**Exercise aim**:
Each line in the data holding "cuerpo" should be listed.

**Data section**:
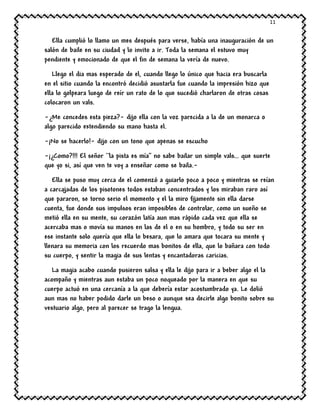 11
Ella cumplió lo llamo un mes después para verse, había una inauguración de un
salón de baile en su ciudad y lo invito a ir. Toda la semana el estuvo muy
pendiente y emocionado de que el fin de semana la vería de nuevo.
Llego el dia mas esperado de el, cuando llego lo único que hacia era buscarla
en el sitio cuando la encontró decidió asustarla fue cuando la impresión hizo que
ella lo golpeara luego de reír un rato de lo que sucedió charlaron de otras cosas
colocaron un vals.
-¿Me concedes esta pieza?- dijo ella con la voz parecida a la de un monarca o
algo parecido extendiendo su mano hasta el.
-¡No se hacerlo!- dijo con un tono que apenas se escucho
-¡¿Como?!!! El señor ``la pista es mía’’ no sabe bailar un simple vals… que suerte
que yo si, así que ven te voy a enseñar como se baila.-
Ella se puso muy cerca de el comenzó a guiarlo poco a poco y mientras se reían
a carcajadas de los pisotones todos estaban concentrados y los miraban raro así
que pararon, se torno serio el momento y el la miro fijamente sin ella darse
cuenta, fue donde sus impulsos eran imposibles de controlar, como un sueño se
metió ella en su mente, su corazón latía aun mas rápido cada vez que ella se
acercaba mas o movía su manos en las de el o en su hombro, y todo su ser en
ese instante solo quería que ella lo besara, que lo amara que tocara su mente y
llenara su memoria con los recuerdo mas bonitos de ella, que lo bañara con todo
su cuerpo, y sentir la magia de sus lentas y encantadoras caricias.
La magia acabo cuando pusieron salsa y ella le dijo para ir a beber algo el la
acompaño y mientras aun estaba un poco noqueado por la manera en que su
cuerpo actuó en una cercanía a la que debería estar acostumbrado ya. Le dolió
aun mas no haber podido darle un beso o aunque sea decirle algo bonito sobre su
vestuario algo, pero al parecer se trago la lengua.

...

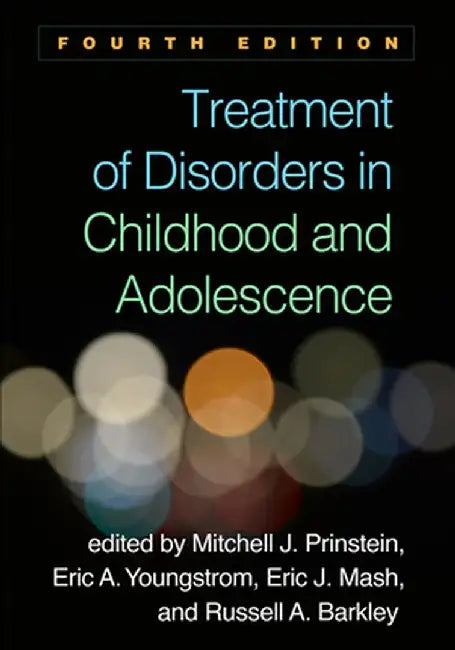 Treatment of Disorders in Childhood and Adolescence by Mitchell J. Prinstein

* * *

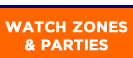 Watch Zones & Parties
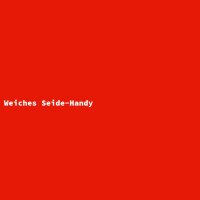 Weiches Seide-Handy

**Result**:
su cuerpo, y sentir la magia de sus lentas y encantadoras caricias.
cuerpo actuó en una cercanía a la que debería estar acostumbrado ya. Le dolió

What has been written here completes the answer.